Nigeria Deposit Insurance Corporation (NDIC) pays between ₦2 million and ₦5 million as deposit insurance to customers of liquidated banks, Managing Director Thompson Oludare Sunday told the House Committee on Insurance and Actuarial Matters during 2026 budget defence.

NDIC
House Spokesperson Akin Rotimi Jr sought details on depositor entitlements, citing Heritage Bank’s June 2024 collapse and public concerns over financial confidence.
Sunday explained NDIC’s mandate: banks pay risk-based premiums (now under 1%, down from 15/16 of 1%) to guarantee deposits. Coverage is ₦5 million for deposit money banks, primary mortgage banks (PMBs), and microfinance banks (MMOs); ₦2 million for other financial institutions.

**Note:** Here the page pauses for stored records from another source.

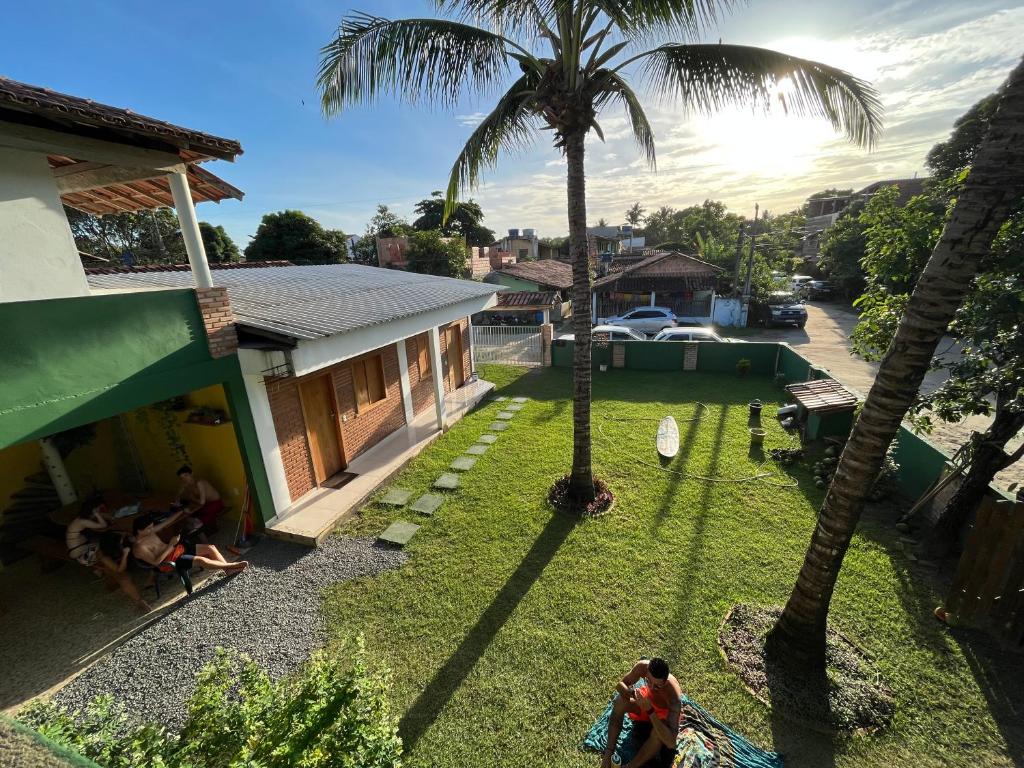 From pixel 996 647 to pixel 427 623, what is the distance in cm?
636

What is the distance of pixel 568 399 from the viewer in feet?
43.8

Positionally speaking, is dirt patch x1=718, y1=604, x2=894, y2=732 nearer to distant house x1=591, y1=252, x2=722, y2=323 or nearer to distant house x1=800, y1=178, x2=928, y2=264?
distant house x1=591, y1=252, x2=722, y2=323

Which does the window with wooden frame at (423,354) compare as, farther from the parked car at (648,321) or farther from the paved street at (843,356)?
the parked car at (648,321)

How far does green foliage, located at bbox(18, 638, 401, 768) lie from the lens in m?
2.28

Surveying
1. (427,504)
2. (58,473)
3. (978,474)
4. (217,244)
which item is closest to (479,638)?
(427,504)

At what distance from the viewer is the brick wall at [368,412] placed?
342 inches

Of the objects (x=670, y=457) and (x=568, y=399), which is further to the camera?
(x=568, y=399)

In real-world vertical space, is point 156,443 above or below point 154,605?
above

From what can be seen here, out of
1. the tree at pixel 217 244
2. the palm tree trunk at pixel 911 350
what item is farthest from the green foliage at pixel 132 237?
the palm tree trunk at pixel 911 350

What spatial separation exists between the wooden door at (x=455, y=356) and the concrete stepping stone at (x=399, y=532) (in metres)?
7.17

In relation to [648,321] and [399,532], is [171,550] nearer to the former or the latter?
[399,532]

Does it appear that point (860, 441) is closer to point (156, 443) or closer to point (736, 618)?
point (736, 618)

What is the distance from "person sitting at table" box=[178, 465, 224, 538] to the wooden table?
7.1 inches

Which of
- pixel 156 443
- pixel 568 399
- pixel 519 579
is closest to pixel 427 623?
pixel 519 579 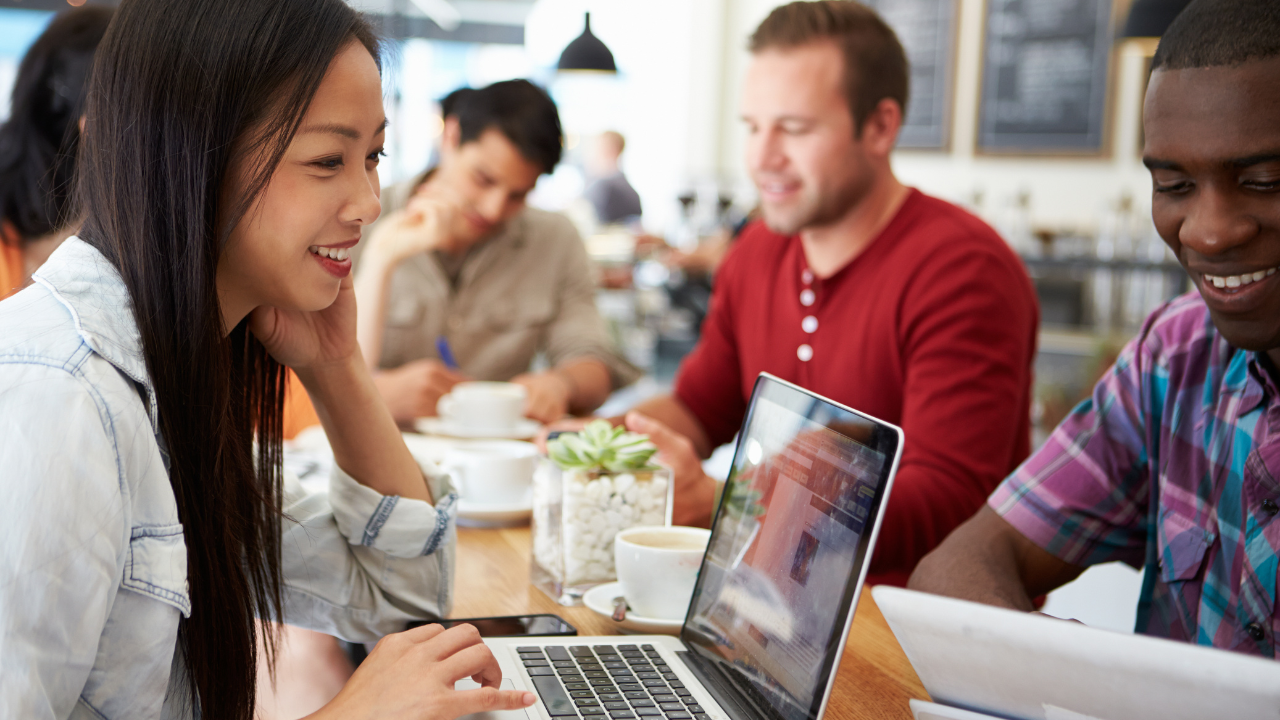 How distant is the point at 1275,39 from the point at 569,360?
5.47 feet

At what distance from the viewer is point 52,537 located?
0.60 meters

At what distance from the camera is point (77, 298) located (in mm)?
688

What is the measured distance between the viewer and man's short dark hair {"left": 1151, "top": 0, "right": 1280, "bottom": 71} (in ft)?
2.85

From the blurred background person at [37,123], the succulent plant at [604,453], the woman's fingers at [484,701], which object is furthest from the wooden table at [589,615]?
the blurred background person at [37,123]

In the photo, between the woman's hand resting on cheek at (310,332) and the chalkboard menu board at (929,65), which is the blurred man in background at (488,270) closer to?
the woman's hand resting on cheek at (310,332)

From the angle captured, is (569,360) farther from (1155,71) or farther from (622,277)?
(622,277)

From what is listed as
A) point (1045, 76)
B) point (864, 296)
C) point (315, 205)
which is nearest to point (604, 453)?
point (315, 205)

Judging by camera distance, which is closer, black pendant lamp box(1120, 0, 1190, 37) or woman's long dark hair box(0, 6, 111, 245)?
woman's long dark hair box(0, 6, 111, 245)

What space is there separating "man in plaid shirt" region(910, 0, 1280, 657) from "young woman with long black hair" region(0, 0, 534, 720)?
644 mm

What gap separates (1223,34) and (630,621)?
0.74 metres

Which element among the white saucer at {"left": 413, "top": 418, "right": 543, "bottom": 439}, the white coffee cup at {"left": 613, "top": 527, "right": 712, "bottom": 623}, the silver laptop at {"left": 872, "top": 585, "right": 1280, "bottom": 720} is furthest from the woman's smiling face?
the white saucer at {"left": 413, "top": 418, "right": 543, "bottom": 439}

Using BVN, NDIC auto-pays guaranteed sums without visits for amounts up to the limit. For Heritage, post-revocation, NDIC liquidated assets—selling buildings, recovering loans, realizing investments—and paid a second ₦24.63 billion dividend on January 6.

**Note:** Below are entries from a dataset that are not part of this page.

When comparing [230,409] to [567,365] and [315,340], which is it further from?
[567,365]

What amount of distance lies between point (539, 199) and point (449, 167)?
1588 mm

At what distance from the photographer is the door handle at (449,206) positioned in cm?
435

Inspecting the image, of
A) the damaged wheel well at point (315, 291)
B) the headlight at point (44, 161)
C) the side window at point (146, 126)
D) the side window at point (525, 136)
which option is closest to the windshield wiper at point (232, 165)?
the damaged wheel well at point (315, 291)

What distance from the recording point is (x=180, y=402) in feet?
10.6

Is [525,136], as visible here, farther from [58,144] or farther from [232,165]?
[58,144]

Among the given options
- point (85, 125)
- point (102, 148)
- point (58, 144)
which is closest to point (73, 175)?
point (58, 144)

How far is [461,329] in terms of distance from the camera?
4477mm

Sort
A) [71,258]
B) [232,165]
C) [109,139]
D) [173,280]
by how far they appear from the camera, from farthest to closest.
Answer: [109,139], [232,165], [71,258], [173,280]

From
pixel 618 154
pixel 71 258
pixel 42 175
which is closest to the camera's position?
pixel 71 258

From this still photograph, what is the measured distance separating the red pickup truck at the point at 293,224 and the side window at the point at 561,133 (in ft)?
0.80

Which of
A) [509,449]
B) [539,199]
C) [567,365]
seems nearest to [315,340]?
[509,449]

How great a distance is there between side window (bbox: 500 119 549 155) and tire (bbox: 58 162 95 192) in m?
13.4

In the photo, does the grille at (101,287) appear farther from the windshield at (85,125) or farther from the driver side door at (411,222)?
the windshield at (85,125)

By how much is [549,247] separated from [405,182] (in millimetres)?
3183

“Anything above ₦5 million or ₦2 million depends on recoveries,” Sunday said, noting ongoing asset sales and debt chases.
Committee Chairman Ahmed Jaha Babawo commended the clarity, noting the limit rose from ₦500,000 to ₦5 million recently. Over 90% of Heritage depositors got insured sums in under four days, meeting International Resolution Deposit (IRD) standards.
Babawo added liquidation dividends would be discussed in executive session.